**EXERCISE**
Your answer must be a word-for-word copy of the listing below, minus its pictures.

**DATASET EXTRACT**
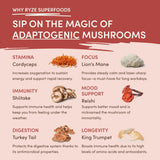 Mushroom Chai M07C
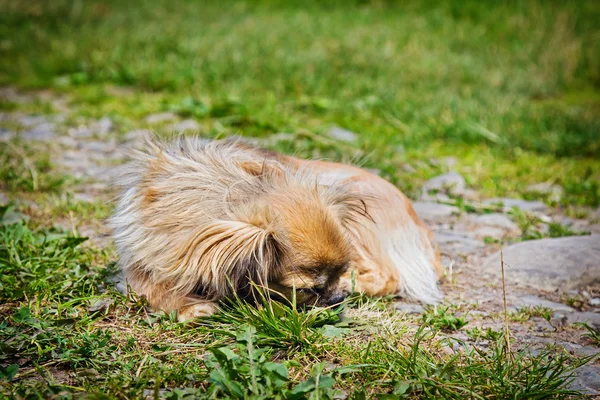 Perro pekinés en una hierba — Foto de Stock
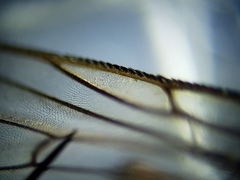 Oxysarcodexia ventricosa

**RESPONSE**
 Mushroom Chai M07C
 Perro pekinés en una hierba — Foto de Stock
 Oxysarcodexia ventricosa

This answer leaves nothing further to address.